Possession, pressing et grands défenseurs : pourquoi le PSG n'encaisse pas de buts

Sur huit matches disputés depuis le début de la saison, le Paris Saint-Germain a enregistré six rencontres sans concéder de buts, pour trois pions concédés en tout. La semaine dernière, ni le Real Madrid, ni l'OL ne sont parvenus à cadrer un tir face à Thiago Silva et les siens. Impressionnant.
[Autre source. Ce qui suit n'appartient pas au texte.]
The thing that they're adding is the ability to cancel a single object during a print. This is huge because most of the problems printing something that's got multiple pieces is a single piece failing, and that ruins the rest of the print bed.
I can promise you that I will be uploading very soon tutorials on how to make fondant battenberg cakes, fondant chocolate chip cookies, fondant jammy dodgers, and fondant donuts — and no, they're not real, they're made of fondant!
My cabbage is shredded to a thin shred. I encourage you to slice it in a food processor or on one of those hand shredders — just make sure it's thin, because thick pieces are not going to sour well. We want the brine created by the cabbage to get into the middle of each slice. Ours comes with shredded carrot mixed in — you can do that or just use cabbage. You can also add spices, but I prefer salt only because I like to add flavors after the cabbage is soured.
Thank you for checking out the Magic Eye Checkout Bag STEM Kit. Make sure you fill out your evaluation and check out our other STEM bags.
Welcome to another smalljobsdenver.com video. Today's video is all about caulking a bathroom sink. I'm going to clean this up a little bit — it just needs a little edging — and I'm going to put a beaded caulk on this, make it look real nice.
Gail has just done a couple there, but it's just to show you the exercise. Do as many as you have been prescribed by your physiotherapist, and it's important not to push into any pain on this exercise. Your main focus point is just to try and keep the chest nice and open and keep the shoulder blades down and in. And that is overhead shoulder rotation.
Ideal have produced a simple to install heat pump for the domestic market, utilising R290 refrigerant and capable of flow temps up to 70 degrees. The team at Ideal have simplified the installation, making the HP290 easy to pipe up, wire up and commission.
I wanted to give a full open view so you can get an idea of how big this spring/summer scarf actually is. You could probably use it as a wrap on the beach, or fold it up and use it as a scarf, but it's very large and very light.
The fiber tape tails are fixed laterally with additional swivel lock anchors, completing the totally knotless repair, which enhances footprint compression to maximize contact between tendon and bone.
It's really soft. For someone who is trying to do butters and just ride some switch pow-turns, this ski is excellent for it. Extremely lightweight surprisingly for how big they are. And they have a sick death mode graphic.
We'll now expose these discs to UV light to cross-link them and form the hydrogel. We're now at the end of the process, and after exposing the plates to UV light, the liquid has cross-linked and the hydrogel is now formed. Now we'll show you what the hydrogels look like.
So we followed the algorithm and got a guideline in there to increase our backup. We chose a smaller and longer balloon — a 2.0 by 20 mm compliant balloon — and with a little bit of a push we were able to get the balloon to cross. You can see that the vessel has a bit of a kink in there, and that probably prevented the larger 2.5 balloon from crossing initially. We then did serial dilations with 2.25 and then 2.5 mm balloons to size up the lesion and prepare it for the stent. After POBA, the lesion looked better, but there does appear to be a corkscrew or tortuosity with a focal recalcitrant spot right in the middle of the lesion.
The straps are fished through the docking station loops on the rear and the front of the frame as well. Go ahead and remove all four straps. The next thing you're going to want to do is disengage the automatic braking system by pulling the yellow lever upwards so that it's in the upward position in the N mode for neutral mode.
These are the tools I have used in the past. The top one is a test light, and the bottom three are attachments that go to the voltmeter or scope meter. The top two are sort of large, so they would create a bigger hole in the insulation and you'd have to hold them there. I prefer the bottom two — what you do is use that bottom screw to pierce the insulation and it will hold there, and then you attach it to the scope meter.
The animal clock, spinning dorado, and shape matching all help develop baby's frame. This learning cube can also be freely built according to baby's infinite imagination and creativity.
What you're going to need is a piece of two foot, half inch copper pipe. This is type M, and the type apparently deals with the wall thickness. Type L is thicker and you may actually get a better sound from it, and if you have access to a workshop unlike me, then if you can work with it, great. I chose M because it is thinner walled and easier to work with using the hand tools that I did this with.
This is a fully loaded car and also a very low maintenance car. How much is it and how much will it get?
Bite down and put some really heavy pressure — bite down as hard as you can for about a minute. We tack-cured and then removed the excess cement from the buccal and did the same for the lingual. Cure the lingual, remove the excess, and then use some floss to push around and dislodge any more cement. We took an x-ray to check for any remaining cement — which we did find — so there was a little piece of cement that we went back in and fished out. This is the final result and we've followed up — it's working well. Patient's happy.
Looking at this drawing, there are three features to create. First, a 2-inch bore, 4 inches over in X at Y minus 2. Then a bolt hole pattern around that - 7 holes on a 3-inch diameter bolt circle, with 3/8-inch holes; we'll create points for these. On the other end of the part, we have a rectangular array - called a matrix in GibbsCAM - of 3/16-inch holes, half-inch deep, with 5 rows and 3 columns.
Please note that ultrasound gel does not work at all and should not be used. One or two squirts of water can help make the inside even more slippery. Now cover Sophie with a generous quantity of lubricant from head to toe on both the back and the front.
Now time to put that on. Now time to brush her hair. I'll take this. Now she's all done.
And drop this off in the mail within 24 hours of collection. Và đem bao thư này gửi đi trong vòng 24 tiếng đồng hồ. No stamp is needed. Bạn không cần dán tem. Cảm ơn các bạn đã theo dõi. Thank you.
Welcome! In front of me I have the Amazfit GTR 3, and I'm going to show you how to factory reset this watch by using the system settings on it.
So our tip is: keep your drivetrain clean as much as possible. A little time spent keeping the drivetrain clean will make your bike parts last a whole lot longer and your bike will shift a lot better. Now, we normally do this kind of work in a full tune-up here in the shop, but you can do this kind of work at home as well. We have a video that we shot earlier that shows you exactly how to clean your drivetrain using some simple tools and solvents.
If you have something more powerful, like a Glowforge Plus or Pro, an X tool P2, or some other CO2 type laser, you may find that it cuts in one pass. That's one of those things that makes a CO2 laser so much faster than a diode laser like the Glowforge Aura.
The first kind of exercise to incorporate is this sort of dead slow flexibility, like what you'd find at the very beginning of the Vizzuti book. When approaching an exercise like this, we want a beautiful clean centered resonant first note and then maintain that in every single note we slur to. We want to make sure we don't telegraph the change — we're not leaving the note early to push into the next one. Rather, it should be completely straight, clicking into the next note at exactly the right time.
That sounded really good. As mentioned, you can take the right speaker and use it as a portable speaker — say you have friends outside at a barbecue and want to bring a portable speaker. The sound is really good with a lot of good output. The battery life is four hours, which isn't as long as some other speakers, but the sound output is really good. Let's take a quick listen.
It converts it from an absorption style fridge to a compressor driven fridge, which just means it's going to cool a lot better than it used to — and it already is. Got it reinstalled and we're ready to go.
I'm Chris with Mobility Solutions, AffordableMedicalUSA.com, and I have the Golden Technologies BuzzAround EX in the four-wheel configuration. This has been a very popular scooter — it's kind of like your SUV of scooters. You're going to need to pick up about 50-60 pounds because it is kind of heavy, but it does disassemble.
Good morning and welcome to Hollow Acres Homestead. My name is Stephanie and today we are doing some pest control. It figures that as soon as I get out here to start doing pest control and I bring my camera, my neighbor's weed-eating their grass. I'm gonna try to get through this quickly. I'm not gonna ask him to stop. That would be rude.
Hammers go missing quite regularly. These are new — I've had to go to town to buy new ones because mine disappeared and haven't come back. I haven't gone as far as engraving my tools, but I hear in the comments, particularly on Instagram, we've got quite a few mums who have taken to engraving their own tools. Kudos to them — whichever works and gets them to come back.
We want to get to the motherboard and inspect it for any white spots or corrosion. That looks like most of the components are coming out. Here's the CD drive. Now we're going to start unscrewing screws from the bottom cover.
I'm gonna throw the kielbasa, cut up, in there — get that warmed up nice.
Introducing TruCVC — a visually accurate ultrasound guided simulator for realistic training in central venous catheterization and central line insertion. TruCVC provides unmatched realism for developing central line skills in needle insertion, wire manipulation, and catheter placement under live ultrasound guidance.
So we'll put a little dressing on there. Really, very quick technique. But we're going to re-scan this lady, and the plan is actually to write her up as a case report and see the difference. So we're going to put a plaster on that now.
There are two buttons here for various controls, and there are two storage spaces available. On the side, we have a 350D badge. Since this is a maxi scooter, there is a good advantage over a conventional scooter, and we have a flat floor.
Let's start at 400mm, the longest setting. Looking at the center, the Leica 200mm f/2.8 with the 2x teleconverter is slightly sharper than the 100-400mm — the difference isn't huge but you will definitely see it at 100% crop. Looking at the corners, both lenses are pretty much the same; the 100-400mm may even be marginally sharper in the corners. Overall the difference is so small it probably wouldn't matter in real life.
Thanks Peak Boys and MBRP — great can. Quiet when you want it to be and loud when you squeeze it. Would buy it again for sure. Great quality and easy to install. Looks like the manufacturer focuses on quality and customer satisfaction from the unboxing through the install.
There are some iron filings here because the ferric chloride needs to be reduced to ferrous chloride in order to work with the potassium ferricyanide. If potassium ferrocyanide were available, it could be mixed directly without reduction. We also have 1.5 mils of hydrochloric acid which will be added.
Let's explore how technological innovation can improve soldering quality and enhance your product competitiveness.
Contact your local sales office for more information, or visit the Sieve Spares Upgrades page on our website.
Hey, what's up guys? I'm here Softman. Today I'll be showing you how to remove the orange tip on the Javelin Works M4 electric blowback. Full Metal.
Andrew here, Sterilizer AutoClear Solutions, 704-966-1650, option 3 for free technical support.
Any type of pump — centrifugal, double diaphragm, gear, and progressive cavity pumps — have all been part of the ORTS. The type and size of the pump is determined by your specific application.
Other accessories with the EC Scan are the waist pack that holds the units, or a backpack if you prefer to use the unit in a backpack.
Défendre par la possession

C'est la caractéristique la plus constante du Paris Saint-Germain, depuis l'ère Laurent Blanc : des statistiques de possession du ballon dépassant les 60% en Championnat. Avec 63% depuis le début de la saison actuelle, l'équipe de Thomas Tuchel se place à la troisième position europénne de ce classement, derrière le Barça et le Bayer Leverkusen. Il s'agit aussi de l'équipe au plus fort pourcentage de réussite à la passe, parmi les cinq principaux Championnats (90,7%). Des chiffres qui s'expliquent autant par la philosophie des entraîneurs successifs du PSG que du choix – compréhensible – des coaches adverses de leur laisser le ballon. Les passes sont courtes, souvent assurées, les espaces manquent, et, de fait, comme pour ses prédécesseurs, la possession de balle de Thomas Tuchel se fait parfois ronronnante. Les opportunités peinent parfois à venir autrement que par l'initiative individuelle d'une des stars offensives de l'équipe. Il s'agit donc d'une approche conservatrice, au sens premier du terme : lorsque l'on a le ballon entre les pieds, on ne peut pas concéder de but, tout simplement.

Lire :
-Le PSG s'impose logiquement à Lyon
-Les notes du match
Contre Metz (2-0), le PSG a possédé le ballon 69% du temps, mais l'a possédé bas sur le terrain. (source whoscored.com)
Contre Metz (2-0), le PSG a possédé le ballon 69% du temps, mais l'a possédé bas sur le terrain. (source whoscored.com)

Défendre par le pressing

Pour récupérer le ballon vite et haut sur le terrain, Thomas Tuchel alterne deux formes de pressing, selon les situations données. D'abord, le pressing sur les lignes de passe : le joueur le plus proche du ballon sort sur le porteur pour le forcer à agir dans la précipitation, tandis que les autres couvrent dans les zones les plus propices à une passe, afin d'empêcher ledit porteur de trouver un homme libre. Un mécanisme vu à de nombreuses reprises dimanche soir à Lyon : par exemple, Gueye ou Herrera attaquaient le ballon, tandis que Choupo-Moting venait près de Thiago Mendes, et que Neymar et Di Maria rôdaient près des défenseurs centraux, prêts à attaquer si le ballon arrivait dans cette zone. On retrouve aussi des formes du pressing le plus classique, orientés sur l'espace : les joueurs parisiens se rapprochent rapidement les uns des autres, afin de reprendre la balle dans les pieds et d'exploser ensuite. Une situation qui s'enclenche dès lors qu'une passe est latérale plutôt que diagonale, ou trop appuyée, ou que le contrôle de balle n'est pas bon.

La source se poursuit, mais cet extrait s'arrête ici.